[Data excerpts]
**********

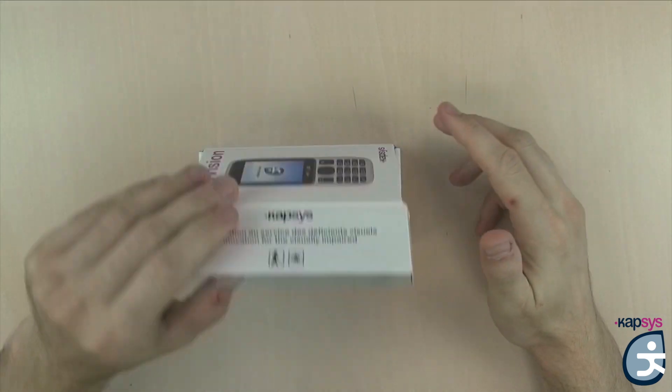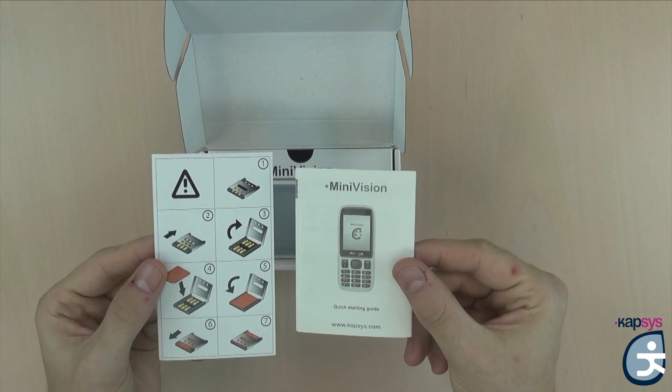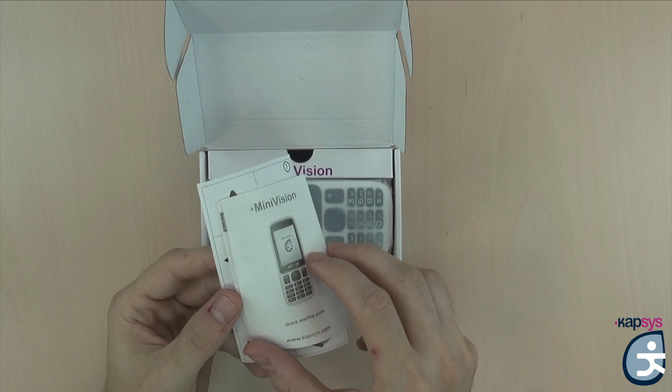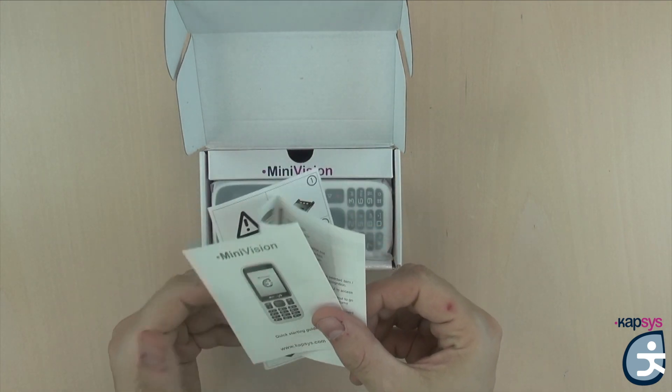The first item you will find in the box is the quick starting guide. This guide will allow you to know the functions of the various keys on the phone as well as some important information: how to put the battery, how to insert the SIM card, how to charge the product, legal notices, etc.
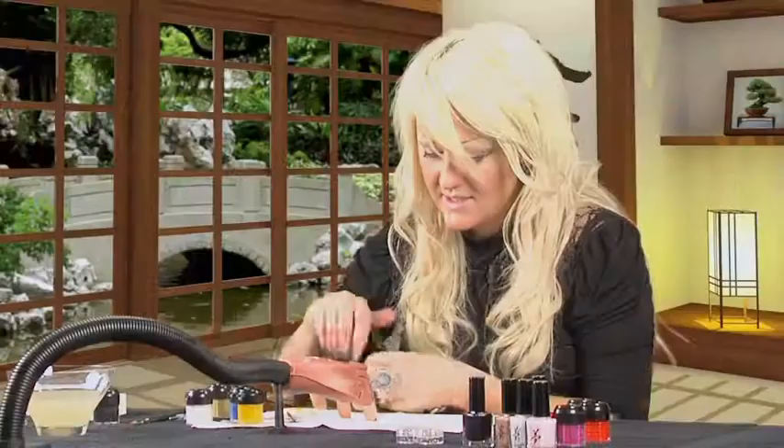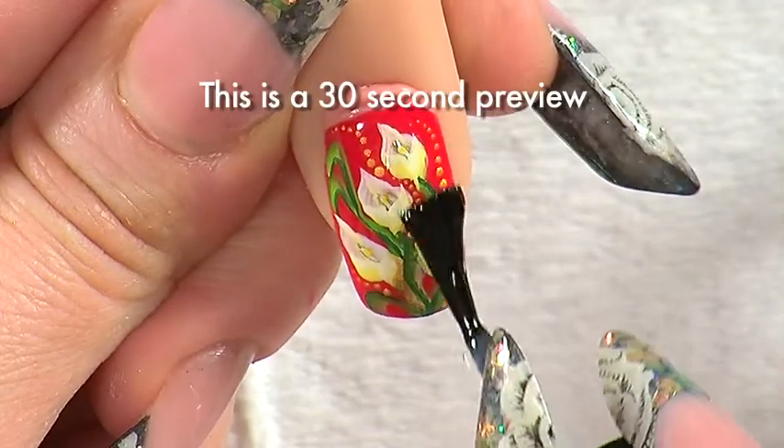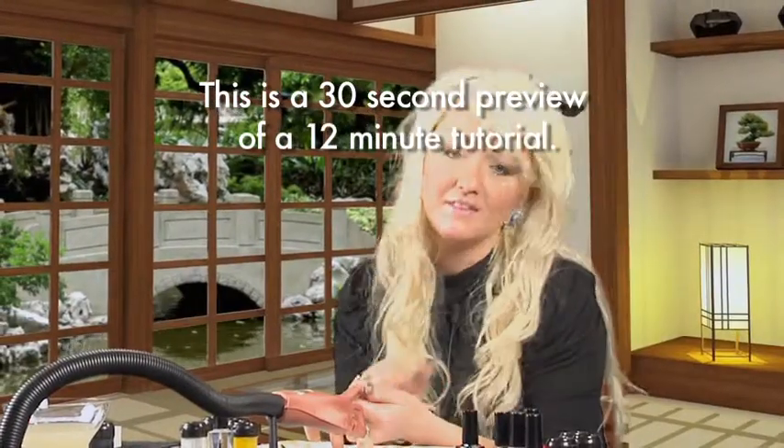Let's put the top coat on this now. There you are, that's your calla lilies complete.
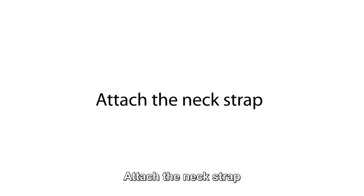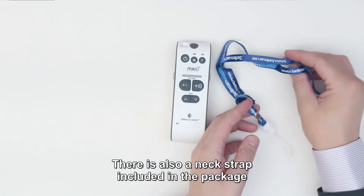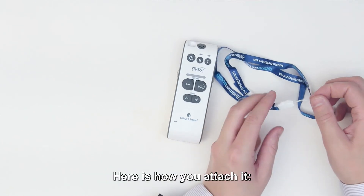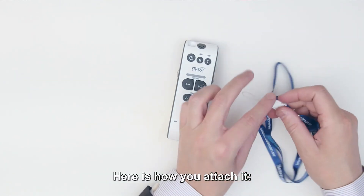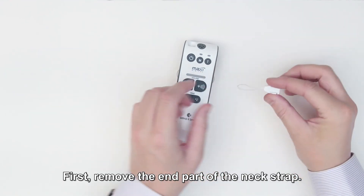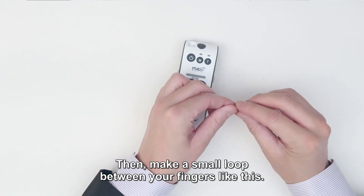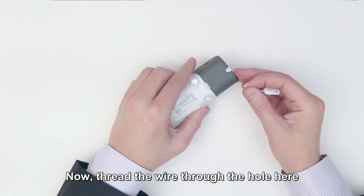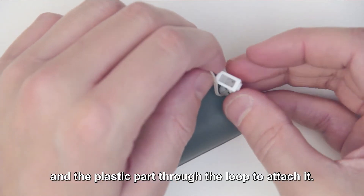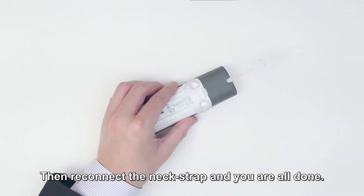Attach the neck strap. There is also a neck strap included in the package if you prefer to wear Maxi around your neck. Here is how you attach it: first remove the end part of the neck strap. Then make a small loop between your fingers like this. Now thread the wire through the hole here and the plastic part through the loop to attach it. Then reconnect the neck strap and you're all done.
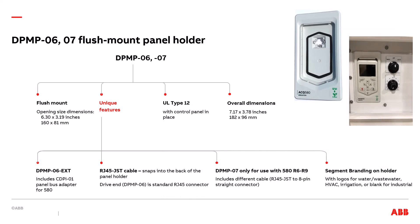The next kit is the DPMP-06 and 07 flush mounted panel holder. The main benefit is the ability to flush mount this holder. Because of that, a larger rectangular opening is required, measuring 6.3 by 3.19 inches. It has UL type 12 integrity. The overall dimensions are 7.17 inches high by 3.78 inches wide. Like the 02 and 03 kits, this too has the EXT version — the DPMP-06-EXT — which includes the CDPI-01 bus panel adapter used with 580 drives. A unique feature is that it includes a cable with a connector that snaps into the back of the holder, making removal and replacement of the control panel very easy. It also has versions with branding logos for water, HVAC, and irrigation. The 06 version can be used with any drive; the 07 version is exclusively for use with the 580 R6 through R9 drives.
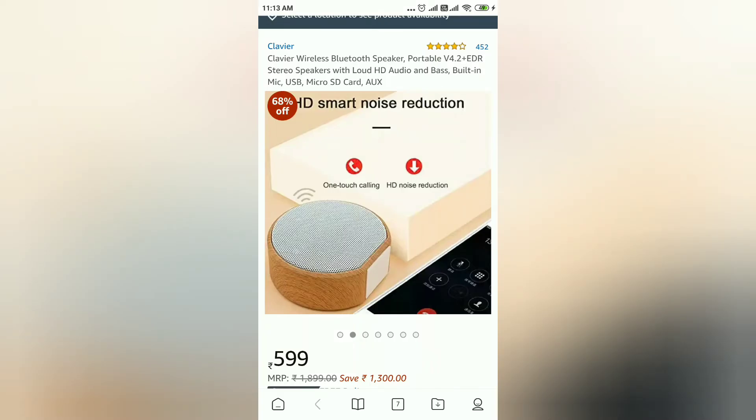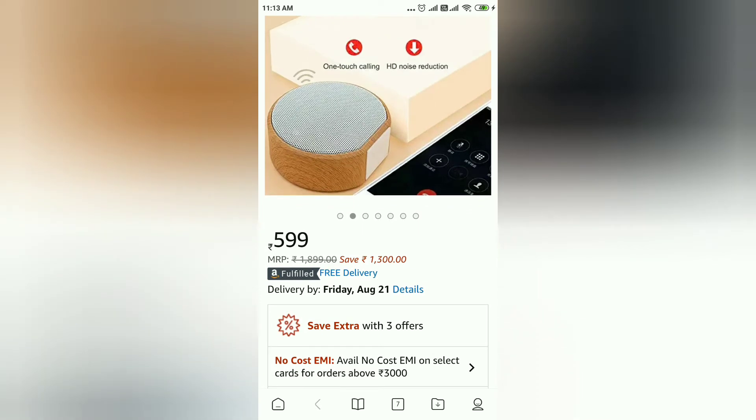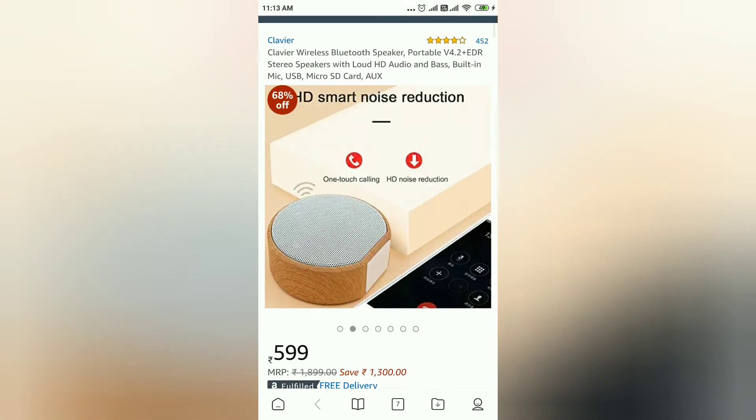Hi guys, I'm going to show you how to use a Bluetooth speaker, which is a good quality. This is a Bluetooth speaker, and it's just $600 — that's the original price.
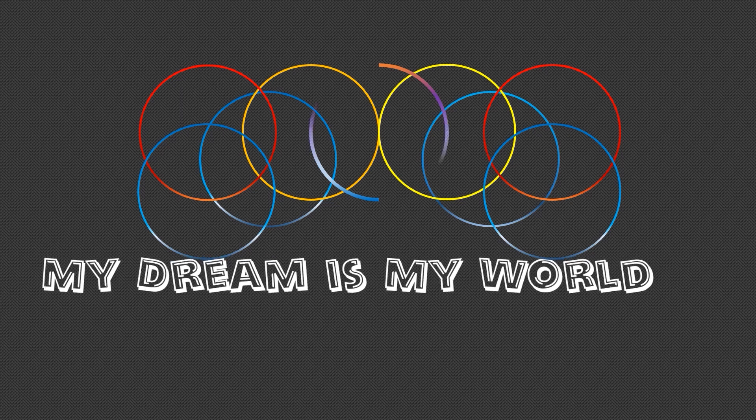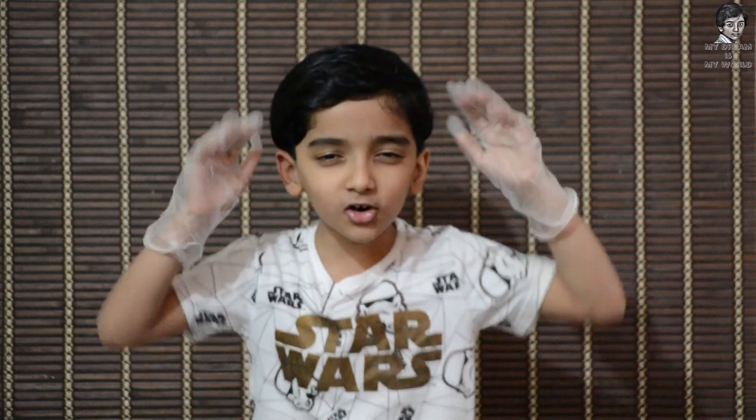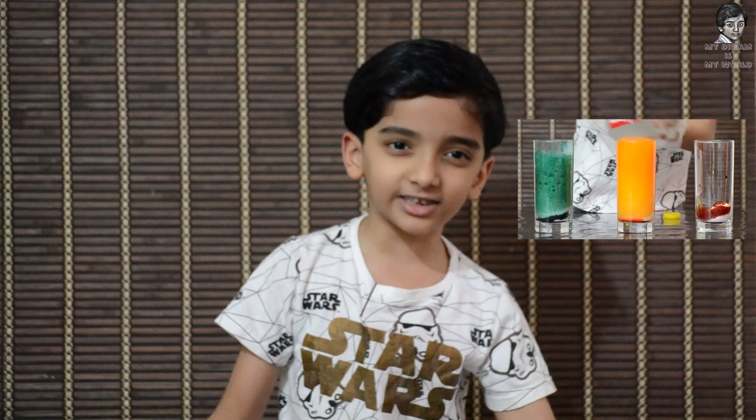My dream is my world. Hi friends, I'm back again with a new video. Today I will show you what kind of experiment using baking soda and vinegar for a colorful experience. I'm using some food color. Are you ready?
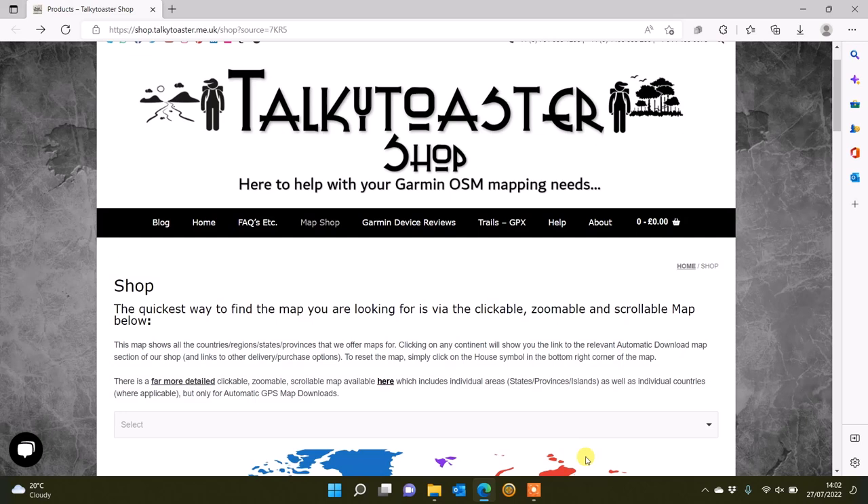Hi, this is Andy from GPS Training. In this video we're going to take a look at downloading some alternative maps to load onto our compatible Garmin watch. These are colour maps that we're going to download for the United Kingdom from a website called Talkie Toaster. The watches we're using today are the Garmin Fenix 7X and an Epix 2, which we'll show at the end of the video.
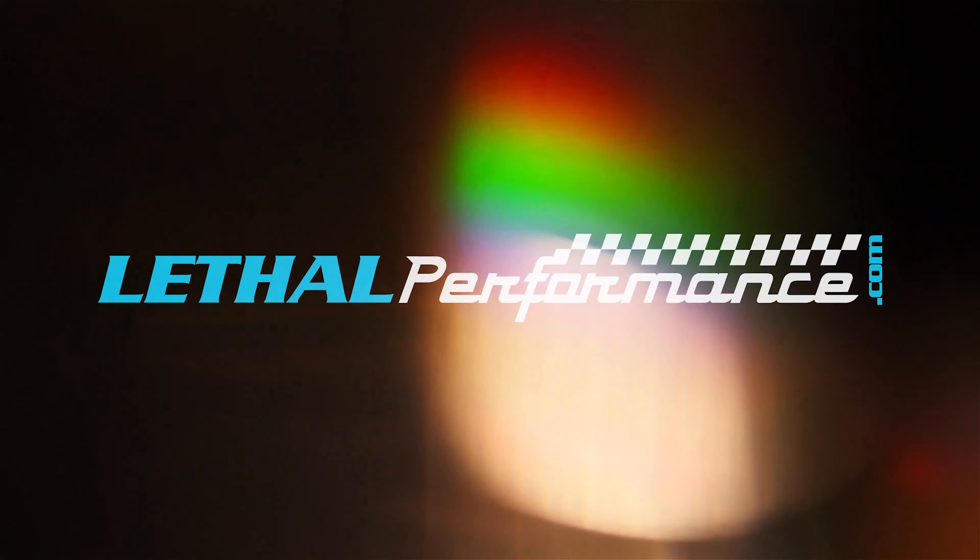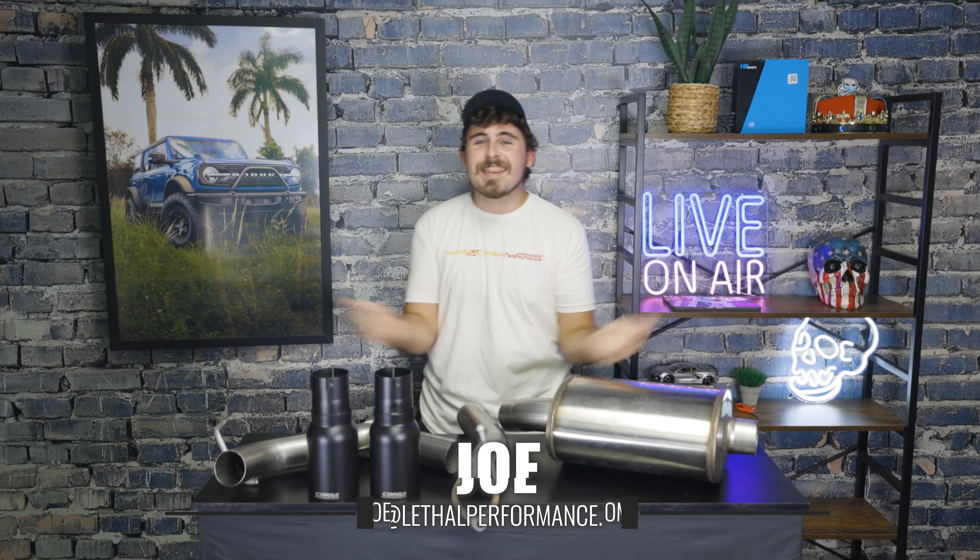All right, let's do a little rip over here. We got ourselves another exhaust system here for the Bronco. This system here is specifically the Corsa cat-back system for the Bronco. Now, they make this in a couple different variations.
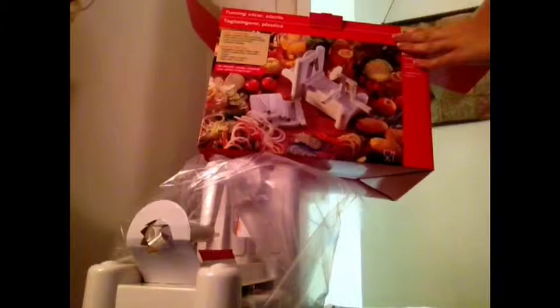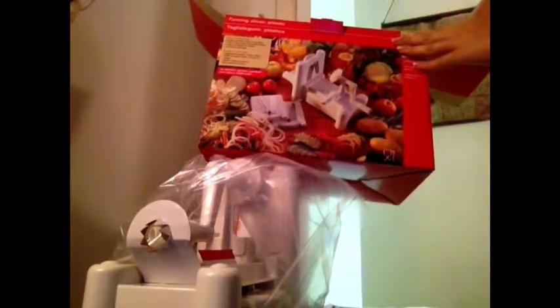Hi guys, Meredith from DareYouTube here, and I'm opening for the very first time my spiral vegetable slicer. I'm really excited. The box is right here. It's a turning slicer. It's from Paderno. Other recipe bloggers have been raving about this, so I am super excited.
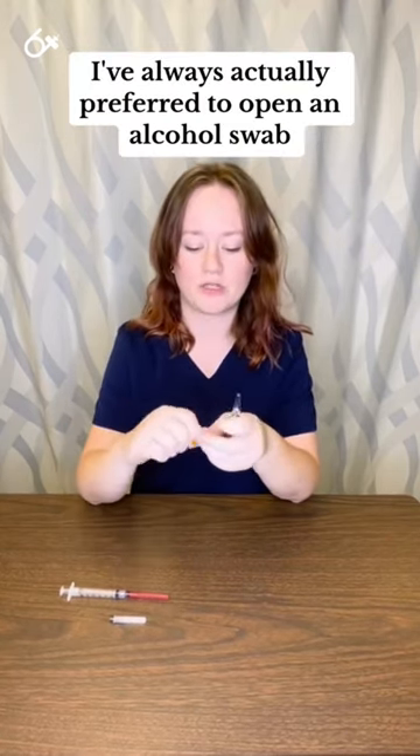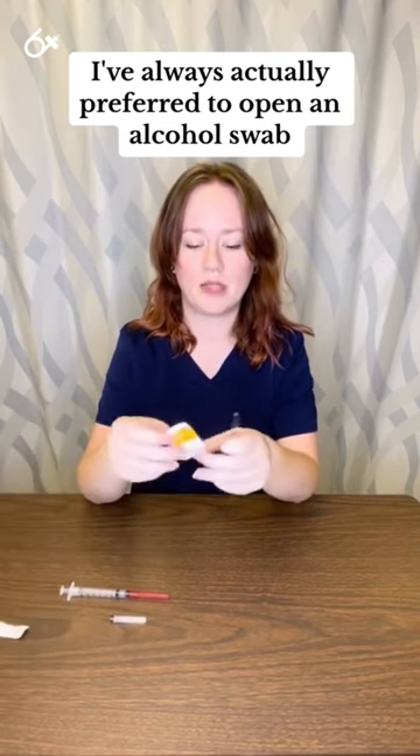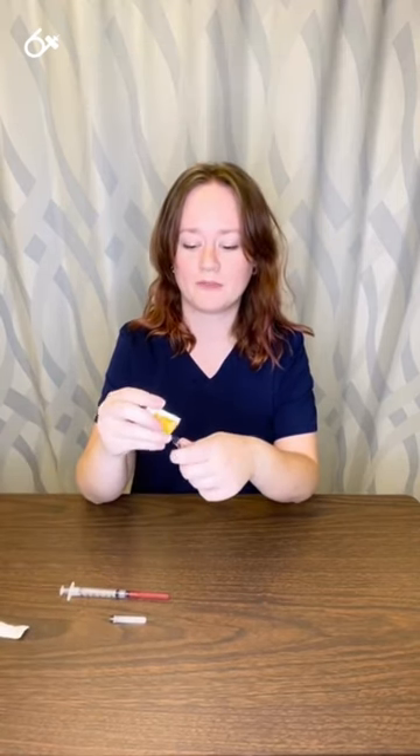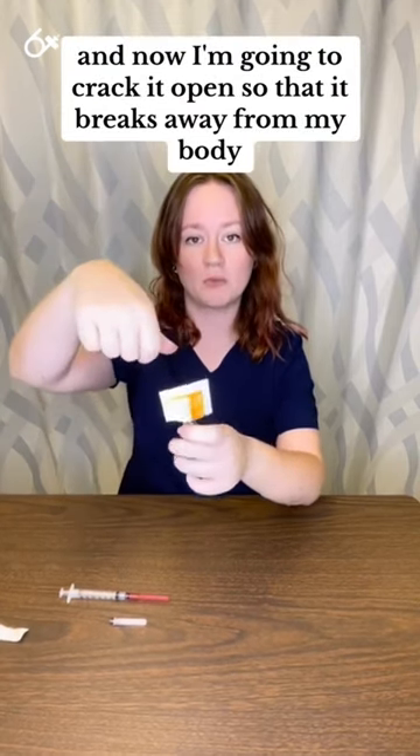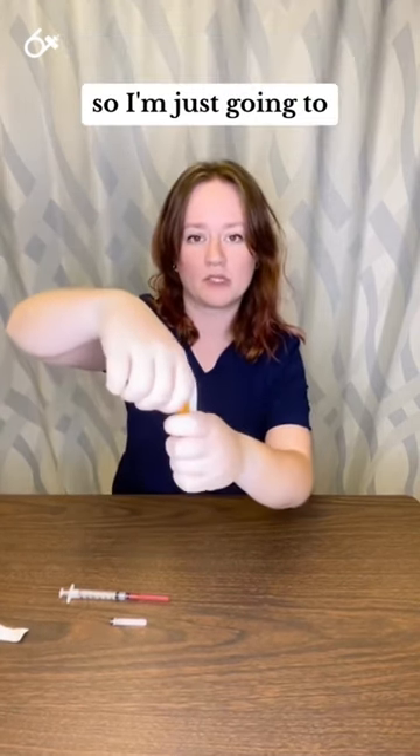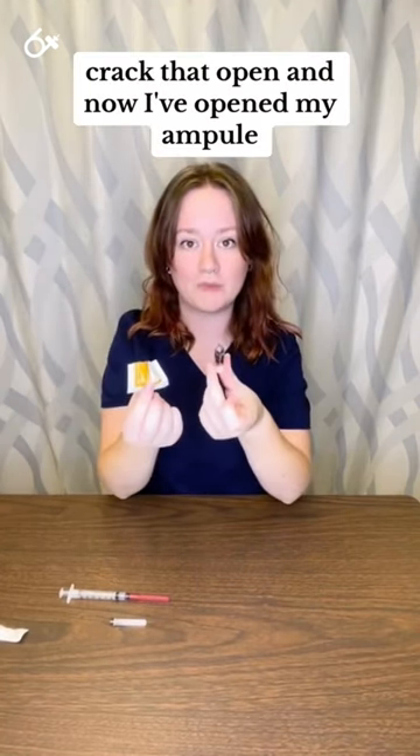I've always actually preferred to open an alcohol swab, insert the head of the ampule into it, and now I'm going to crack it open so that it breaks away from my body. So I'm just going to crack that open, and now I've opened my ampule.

**********

* _What you should do_
Only lines belong in the copy, not pictures: write out exactly the lines of the records from the first through the one holding "Attach the neck".

* _Answer below_
The first item you will find in the box is the quick starting guide. This guide will allow you to know the functions of the various keys on the phone as well as some important information: how to put the battery, how to insert the SIM card, how to charge the product, legal notices, etc.
Let's put the top coat on this now. There you are, that's your calla lilies complete.
Attach the neck strap. There is also a neck strap included in the package if you prefer to wear Maxi around your neck. Here is how you attach it: first remove the end part of the neck strap. Then make a small loop between your fingers like this. Now thread the wire through the hole here and the plastic part through the loop to attach it. Then reconnect the neck strap and you're all done.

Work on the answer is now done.